See the CLI reference for every pinecall knowledge command.


Step 3 — Build the agent#

Pass the knowledge base id as knowledgeBase. Use the {{RAG_CONTEXT}} prompt variable to control exactly where the retrieved documents are placed:

import { Pinecall } from "@pinecall/sdk";

const pc = new Pinecall();

const agent = pc.agent("support", {
  voice: "elevenlabs/sarah",
  llm: "anthropic/claude-haiku-4-5",
  language: "en",

  // Attach the knowledge base from Step 1
  knowledgeBase: "kb_1a2b3c",

  prompt: `You are a friendly support agent for Acme.
Answer the customer using ONLY the help documentation below. If the answer
isn't there, say you're not sure and offer to create a ticket — never guess.

{{RAG_CONTEXT}}

Keep replies short and conversational.`,

  greeting: "Hi! You've reached Acme support — how can I help?",
  phoneNumber: "+14155551234", // omit for chat-only
});

That's the whole integration. Before each LLM turn, the server:

  1. takes the user's latest message,
  2. retrieves the top matching chunks from kb_1a2b3c,
  3. substitutes them into {{RAG_CONTEXT}} (or appends them if you omit the variable), and
  4. runs the LLM with that grounded prompt.

Where the context goes — {{RAG_CONTEXT}}#

  • Prompt contains {{RAG_CONTEXT}} → retrieved docs are inserted exactly there.
  • Prompt omits {{RAG_CONTEXT}} → retrieved docs are appended automatically, so a knowledge base works out of the box.
  • Nothing relevant / no knowledge base{{RAG_CONTEXT}} resolves to empty and the agent behaves like a normal agent.

Step 4 — Run and test it#

# Start the agent
pinecall run support.ts

# In another terminal, chat with it (text)
pinecall chat support

Ask it something covered by your docs — the answer should come straight from them. Call the number to test the same behaviour by voice. To sanity-check retrieval without spending an LLM call, use pinecall knowledge query.


How it works#

  • Retrieval is hybrid — semantic embeddings fused with a keyword (BM25) lane. Phrase questions naturally, and exact terms or acronyms (e.g. TTS vs STT, a product name, an error code) still match precisely instead of blurring into similar wording.
  • Documents are chunked by heading (section-aligned, never mid-section), so well-structured Markdown retrieves best.
  • Sources event — when retrieval runs, the server emits a docs.sources event on the data channel with the documents it used (title, heading, score), so a browser UI can show citations next to the answer.
  • The retrieved context counts toward the LLM's context window — keep documents focused.

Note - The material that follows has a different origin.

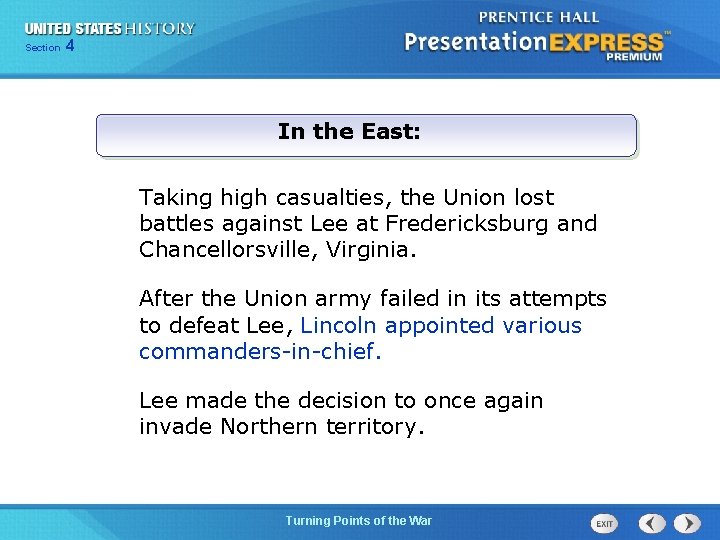 Chapter Section 4 25 Section 1 In the East: Taking high casualties, the Union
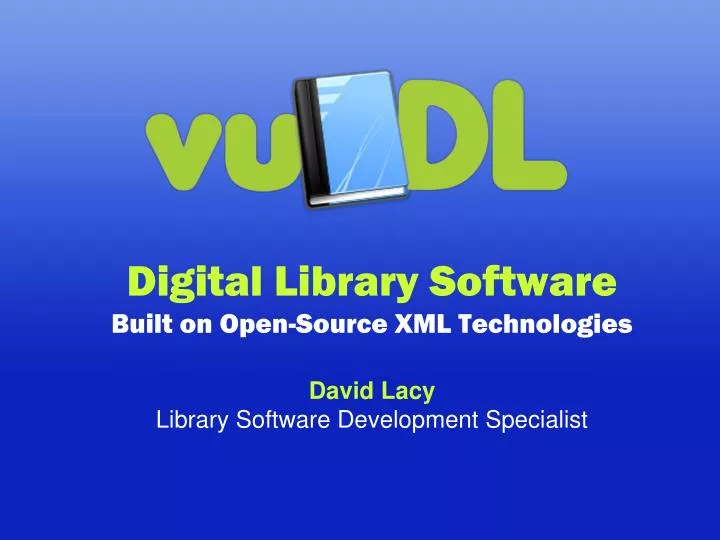 PPT Digital Library Software Built on OpenSource XML Technologies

Keeping the knowledge base in sync#

Re-push whenever the source documents change — push upserts by path, so it's safe to run repeatedly:

pinecall knowledge push kb_1a2b3c ./help/*.md   # updates changed docs, adds new ones
pinecall knowledge rm kb_1a2b3c <docId>         # remove one
pinecall knowledge reindex kb_1a2b3c            # force a rebuild

Limits#

  • Paid plans only (Starter, Pro, Enterprise).
  • Document formats: .md, .markdown, .txt. Convert PDFs/Docx to text first.
  • A knowledge base belongs to your organization; attach it by id to any of your agents.